== Your goal ==
Copy each line of the data below in which the word "Medium" can be found.

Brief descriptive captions
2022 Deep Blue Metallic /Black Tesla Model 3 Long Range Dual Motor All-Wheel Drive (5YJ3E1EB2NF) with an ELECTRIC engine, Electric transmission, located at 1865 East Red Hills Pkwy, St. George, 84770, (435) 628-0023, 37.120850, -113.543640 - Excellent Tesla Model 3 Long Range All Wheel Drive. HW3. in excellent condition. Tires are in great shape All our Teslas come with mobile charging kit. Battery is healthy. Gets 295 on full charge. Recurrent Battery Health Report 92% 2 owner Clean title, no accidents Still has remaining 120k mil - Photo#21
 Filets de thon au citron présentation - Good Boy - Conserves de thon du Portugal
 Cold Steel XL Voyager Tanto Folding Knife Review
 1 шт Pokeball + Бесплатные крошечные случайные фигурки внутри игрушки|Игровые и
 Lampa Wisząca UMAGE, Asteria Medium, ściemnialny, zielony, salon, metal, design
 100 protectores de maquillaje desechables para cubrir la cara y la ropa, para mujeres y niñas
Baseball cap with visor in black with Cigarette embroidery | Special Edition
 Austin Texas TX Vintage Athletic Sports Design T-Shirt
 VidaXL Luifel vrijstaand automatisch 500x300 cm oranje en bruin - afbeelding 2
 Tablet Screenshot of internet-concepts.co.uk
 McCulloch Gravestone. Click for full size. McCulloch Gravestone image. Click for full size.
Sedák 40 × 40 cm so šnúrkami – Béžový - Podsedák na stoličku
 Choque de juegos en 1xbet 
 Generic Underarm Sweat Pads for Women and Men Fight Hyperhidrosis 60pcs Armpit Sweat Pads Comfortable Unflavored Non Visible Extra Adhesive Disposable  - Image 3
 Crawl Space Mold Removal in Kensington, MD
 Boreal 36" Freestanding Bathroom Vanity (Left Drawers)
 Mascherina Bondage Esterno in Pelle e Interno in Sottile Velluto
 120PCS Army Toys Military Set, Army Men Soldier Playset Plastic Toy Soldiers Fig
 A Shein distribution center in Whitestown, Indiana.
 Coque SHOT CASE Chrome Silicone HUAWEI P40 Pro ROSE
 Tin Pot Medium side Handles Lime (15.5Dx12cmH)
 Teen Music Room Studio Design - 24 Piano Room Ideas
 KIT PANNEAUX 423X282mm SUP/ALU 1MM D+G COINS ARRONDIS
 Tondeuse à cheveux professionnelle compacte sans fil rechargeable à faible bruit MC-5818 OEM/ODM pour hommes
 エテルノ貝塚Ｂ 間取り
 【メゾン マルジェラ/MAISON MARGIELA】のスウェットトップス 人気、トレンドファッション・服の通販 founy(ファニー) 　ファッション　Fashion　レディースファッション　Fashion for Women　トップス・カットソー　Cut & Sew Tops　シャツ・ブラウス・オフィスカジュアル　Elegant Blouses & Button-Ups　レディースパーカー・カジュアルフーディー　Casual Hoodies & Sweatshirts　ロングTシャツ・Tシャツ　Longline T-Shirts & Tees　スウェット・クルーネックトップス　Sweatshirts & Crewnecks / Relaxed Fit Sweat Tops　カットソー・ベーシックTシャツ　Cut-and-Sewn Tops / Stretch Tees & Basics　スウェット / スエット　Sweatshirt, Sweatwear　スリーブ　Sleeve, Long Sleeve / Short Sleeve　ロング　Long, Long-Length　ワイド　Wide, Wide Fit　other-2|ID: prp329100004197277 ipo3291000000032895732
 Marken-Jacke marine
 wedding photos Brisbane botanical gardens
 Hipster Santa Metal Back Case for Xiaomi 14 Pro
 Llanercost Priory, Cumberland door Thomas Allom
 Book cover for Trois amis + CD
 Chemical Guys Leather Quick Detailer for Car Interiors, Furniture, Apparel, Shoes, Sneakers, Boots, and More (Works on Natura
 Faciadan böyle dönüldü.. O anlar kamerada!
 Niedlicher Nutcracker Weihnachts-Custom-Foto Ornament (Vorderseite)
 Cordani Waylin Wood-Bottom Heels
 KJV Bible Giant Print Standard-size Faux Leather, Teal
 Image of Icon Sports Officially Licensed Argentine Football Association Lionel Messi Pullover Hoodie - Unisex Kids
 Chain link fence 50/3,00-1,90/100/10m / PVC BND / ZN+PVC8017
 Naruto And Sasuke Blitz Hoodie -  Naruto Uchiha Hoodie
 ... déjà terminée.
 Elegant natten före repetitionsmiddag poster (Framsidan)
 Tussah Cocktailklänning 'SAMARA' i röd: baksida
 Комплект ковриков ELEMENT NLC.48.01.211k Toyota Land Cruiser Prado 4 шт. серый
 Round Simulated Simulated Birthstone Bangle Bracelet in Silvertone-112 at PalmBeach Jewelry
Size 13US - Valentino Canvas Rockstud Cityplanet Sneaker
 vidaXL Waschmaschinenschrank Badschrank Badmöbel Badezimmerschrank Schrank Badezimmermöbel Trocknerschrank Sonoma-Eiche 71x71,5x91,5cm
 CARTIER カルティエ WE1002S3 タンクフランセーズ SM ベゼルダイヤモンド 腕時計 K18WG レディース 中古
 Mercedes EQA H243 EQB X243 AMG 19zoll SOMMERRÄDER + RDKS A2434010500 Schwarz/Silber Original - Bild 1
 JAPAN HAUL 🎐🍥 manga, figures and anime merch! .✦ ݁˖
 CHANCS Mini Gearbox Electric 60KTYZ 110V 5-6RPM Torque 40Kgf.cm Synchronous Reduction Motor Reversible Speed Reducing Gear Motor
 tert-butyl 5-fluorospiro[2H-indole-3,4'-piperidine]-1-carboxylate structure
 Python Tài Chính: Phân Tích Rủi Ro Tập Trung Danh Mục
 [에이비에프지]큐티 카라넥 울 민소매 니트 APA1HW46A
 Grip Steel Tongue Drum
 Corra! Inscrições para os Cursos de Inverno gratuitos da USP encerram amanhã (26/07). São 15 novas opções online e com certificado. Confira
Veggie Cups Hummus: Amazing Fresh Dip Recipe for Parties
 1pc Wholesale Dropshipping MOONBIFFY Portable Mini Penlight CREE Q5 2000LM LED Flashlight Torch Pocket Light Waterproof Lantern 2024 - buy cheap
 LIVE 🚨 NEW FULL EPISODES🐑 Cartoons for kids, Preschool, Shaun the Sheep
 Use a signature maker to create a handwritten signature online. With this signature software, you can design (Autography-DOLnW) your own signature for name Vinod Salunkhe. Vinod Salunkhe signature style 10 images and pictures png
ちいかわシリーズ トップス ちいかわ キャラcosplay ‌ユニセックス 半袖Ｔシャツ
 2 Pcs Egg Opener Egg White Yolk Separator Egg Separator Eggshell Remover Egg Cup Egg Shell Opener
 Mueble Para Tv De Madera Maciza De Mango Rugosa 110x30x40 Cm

== Solved exercise ==
 Lampa Wisząca UMAGE, Asteria Medium, ściemnialny, zielony, salon, metal, design
 Tin Pot Medium side Handles Lime (15.5Dx12cmH)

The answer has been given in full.